Open alexpkeil1 opened 5 years ago

alexpkeil1 commented 5 years ago

Would be nice to have a longitudinal qgcomp with some of the following possibilities:

alexpkeil1 commented 3 years ago

Note that a GEE-like approach to clustered data (e.g. longitudinal measurements on individuals) can be done using qgcomp.boot functions with the id parameter set to the cluster identifier. Like a GEE, the mean function (regression parameters) will be the the same as a GLM (in expectation for GEE, but exactly in the case of qgcomp). However, the bootstrap variance estimates will be clustering appropriate.
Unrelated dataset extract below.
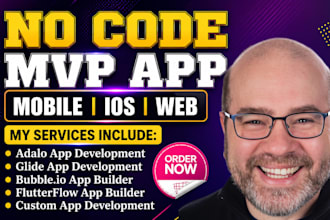 build no code app glide bubble io adalo flutterflow flutter mobile app developer
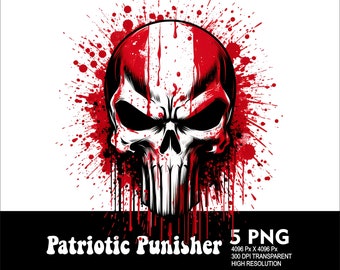 Patriotic Skull Punisher 5 PNG Design High Resolution Transparent Background Design PNG Suitable for Sublimation PNG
alexpkeil1 commented 1 year ago

Note this approach has now been implemented by Welch et al in https://doi.org/10.1016/j.envint.2021.106787

alexpkeil1 commented 1 year ago

There is also a gist with a brief example of this: https://gist.github.com/alexpkeil1/1887e2f87d92e682c517dd8fe74415b4

sahmoho commented 5 months ago

Hello, I was wondering if using qgcomp.glm.boot with the "id" specification with a paired time-varying exposure and paired time-varying outcome for each cluster was appropriate? Does this estimate the change in outcome driven by "unit change" in mixture quartiles between timepoints? Or is it better to use a difference measure for qgcomp that is not time-varying and use that to assess the impact of per quartile increase in mixture concentration change on outcome between timepoints?